### TASK INSTRUCTIONS
Please repeat, exactly as written, the line containing "Chuyen gia Cuc" and every line after it through the end of the records below, leaving out any pictures.

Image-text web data
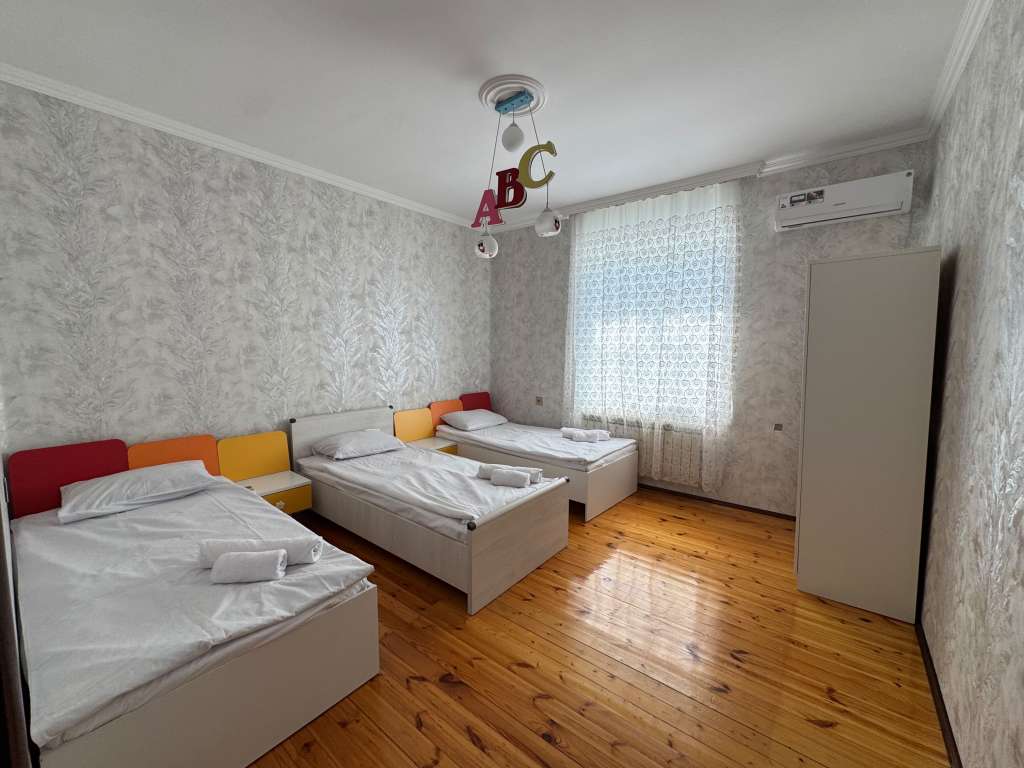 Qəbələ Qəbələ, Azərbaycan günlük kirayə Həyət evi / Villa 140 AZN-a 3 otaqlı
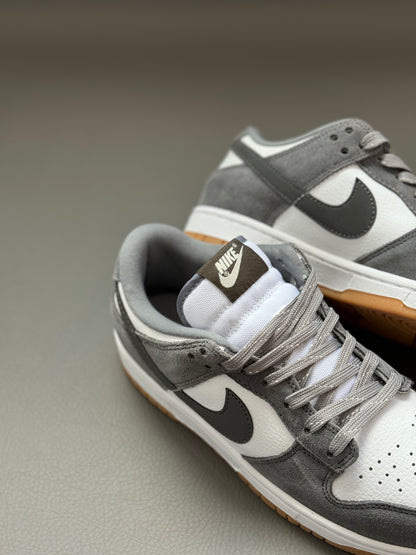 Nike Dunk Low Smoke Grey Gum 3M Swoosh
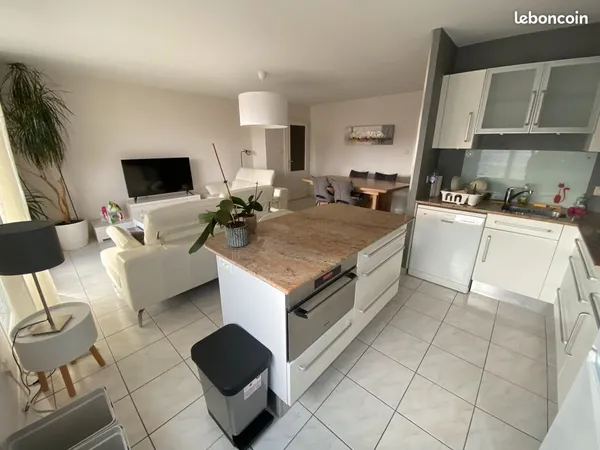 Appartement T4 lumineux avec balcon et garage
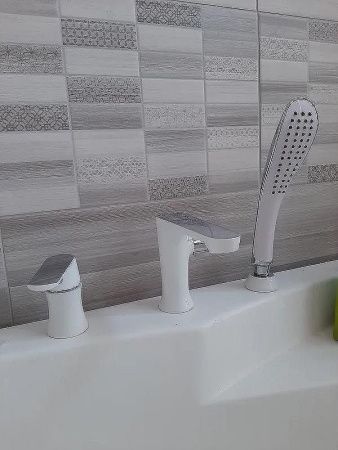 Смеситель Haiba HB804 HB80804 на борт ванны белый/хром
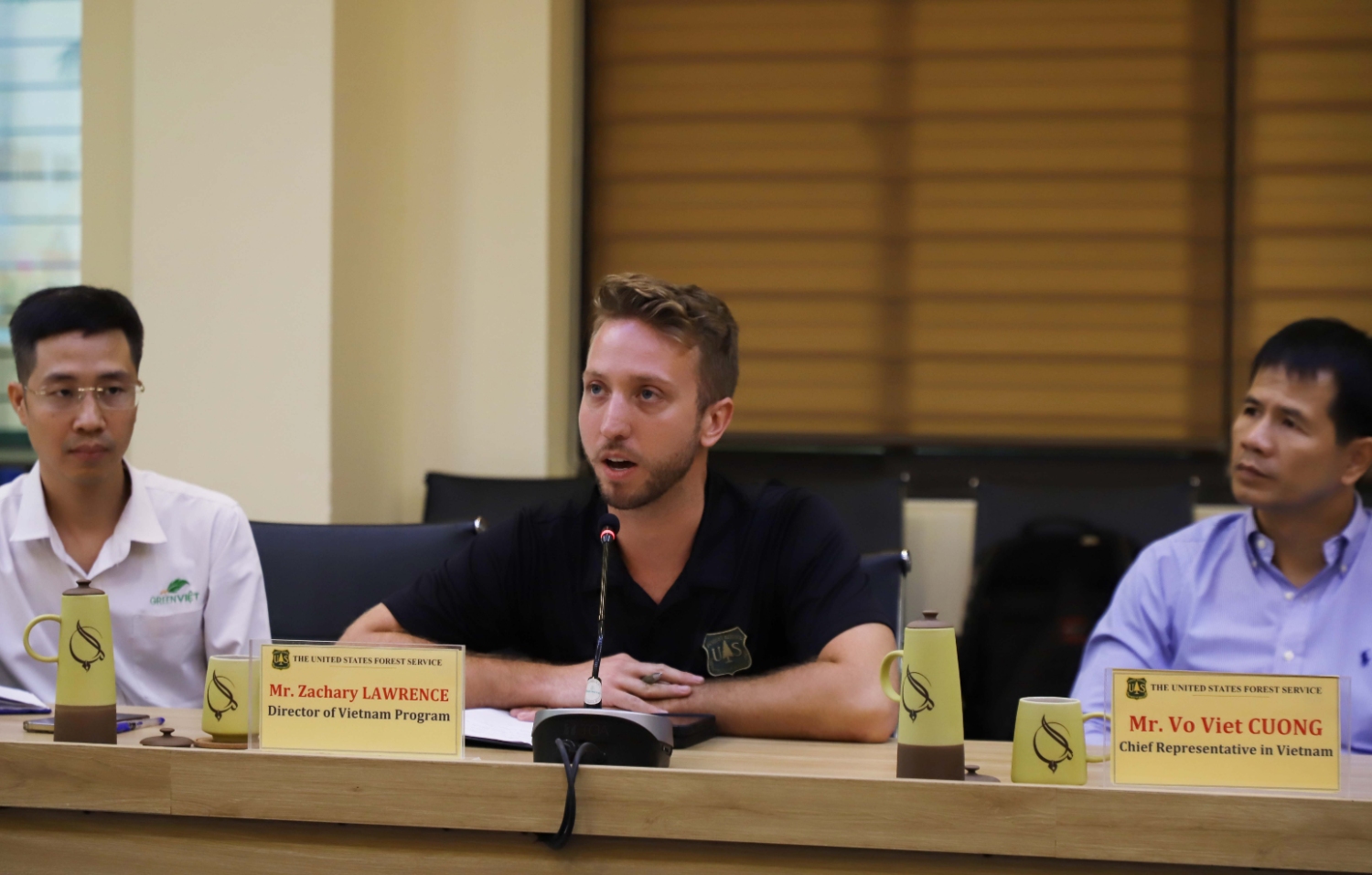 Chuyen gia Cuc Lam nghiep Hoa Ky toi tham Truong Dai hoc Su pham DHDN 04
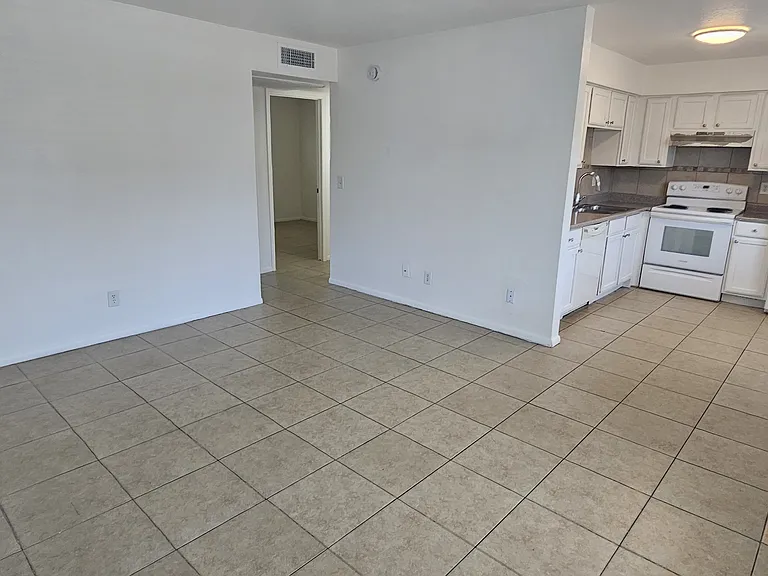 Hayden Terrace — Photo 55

### TASK RESULT
 Chuyen gia Cuc Lam nghiep Hoa Ky toi tham Truong Dai hoc Su pham DHDN 04
 Hayden Terrace — Photo 55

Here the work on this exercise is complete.